Was that possible? Could a man and a woman give themselves up to passion, even for sixty seconds, and walk away unsinged? Surely things must change.

But maybe she didn’t care. His bare hand at the back of her head flexed gently, not like a hand that meant to force her to his will, but like a hand that couldn’t get enough of the way she felt.

His breath came warm and ragged against her lips, her
cheeks. A faint flavor of cloves came with it, no doubt from his tooth-powder. He’d cleaned his teeth before setting out tonight. Perhaps with this purpose already in mind.

She might touch her tongue to them, to his clean imperfect clove-scented teeth.

Dear Lord. Of all the factors that could sway a woman into kissing a man. Clearly she was not in her right mind. Drunk on her success at the table, like as not. Their success, rather. She couldn’t have done it alone.

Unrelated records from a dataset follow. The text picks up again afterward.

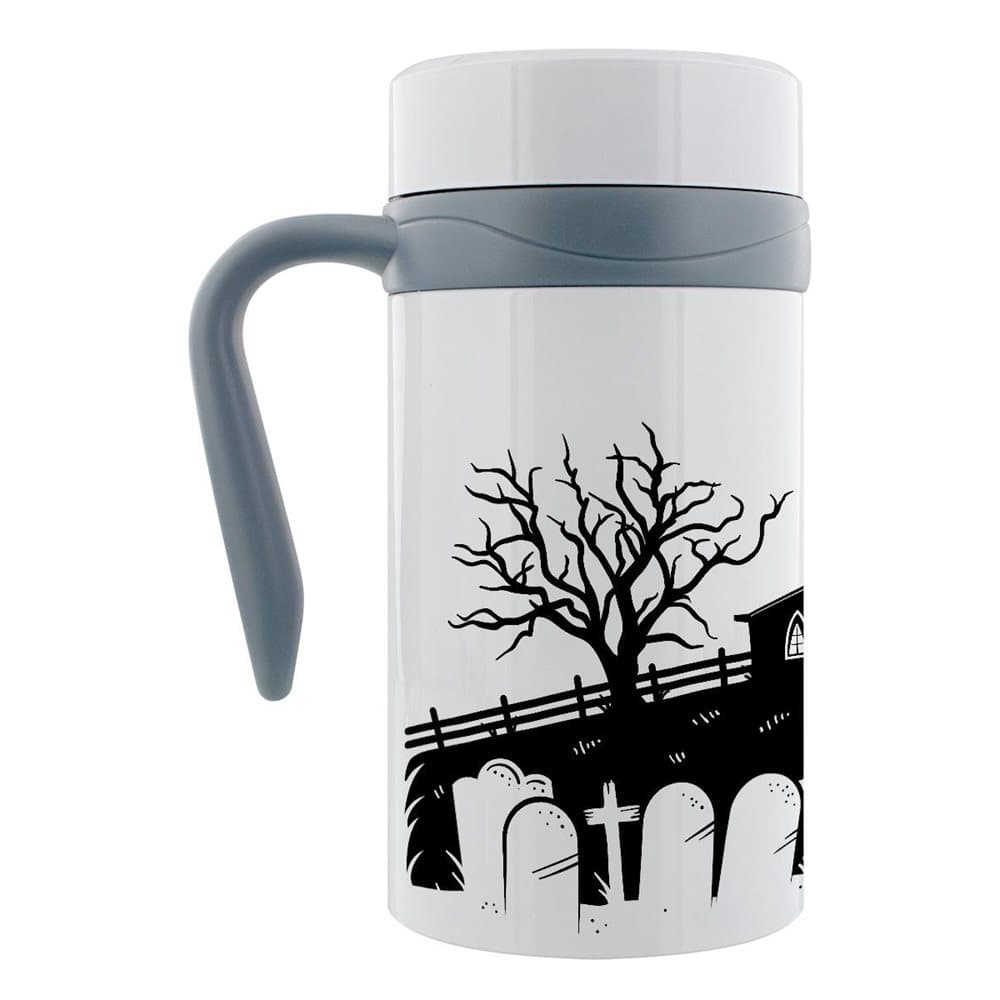 Grindstore Necropolis Church Silhouette Thermal Travel Mug With Handle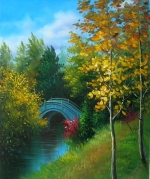 Most, park, stromy, zelené, dekorativní obraz, obraz do bytu, obraz do interieru.
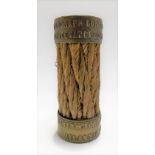A section of Atlantic cable with brass rings to each end embossed 'TELEGRAPH CONSTRUCTION &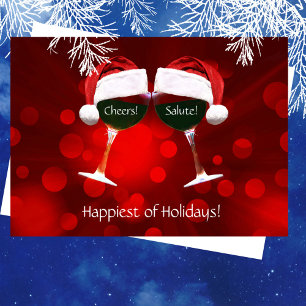 Wine Salute Cheers Happiest of Holidays Card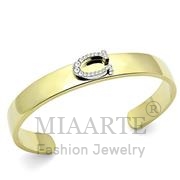 Wholesale Top Grade Crystal, Clear, Two-Tone, Women, White Metal, Bangle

Her hands trailed down his chest, over his ribs, to either side of his waist. He shivered once, but didn’t otherwise move. He would wait for her word.

“Sixty seconds.” She flicked one wrist and her reticule hit the floor. “Make them count.”

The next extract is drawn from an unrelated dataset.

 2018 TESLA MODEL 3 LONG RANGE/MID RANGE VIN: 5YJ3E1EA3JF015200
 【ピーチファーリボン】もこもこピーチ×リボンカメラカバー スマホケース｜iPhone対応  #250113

His mouth closed the distance between them, more patiently this time. His lips brushed over hers and the tiny beard-bristles brushed after, raising gooseflesh all up and down her arms. He was sweet and slow and masterful and he filled up all her perception with the smell of bay rum.

But with only sixty seconds they couldn’t afford patience. He had no time to be sweet or slow. She sent a hand up his spine to the very short hairs at the nape of his neck—if only she had time to take off her gloves, and rasp those hairs against her palm!—and when she’d taken a firm hold at the back of his head, she sent her tongue right into his mouth and ran it over his teeth, space between and all.

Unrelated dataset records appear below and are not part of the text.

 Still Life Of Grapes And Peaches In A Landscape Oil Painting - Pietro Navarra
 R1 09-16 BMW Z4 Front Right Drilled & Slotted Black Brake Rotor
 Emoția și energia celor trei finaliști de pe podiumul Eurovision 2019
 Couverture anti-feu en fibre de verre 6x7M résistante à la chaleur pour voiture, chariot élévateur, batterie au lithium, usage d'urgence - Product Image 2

He made a sound in his throat. Perhaps he wasn’t used to bold women. But clearly he didn’t mind. He stroked his own fingers down the back of her neck, encouraging her, and a moment later both his hands were at the front of her gown, finding their way under the outer layer to run wild over the purple silk.

Yes. This was exactly what he ought to do. It was right he should read the contours of her corset, and mold her hips, her thighs, with his hands as though she were wet clay. She did feel a bit like wet clay, or warm wax, or some other thing that would take whatever shape he cared to give her. He’d backed her against the wall somehow without her noticing and now she pressed her shoulder blades into that support and swayed and twisted under his touch.

Had it been sixty seconds? Never mind. She found the fastenings that held her overdress together at the bosom and she undid them, deftly, that he might put his hands there too.

Such large hands he had, and so capable. The left one slid over her hip, up her waist, silk bunching before it, and settled, finally, over her breast. His breath roughened in her mouth; he shook that gathered silk free that there might be but one thin layer lying flat over the part of her body he touched; the thinnest possible barrier between his palm and the nipple he’d provoked into ripeness with his kisses and his sculptor’s hands.

Thank Heaven—oh, she’d go to Hell for such blasphemy but surely she’d reserved her place there long ago, and at all events thank Heaven she’d cut her chemise down to the top of her corset and left off all her petticoats. Because now she understood the reason for the existence of purple sarcenet. His thumb moved slowly over her nipple, an excruciating tease made doubly excruciating by that cream-smooth knit stuff preventing her from truly knowing his touch; triply excruciating by the way his tongue caressed the curve of her lip, echoing the leisurely strokes of his thumb.

She arched into his touch and he broke off the kiss. She could feel his head angled to watch, though surely he couldn’t see anything through the darkness. His right
hand came to her left breast and his touch felt … wondering, almost worshipful. The touch of a man who’d never put his hands to a woman before, or perhaps the touch of a man who’d come near to dying and meant never to take earthly pleasures for granted again.

That might be true, that last one. That might be his case. She’d think on it later. “Use your mouth,” she said now, and her voice was all harshness and need, perfectly fashioned to puncture the illusions of a worshipful man.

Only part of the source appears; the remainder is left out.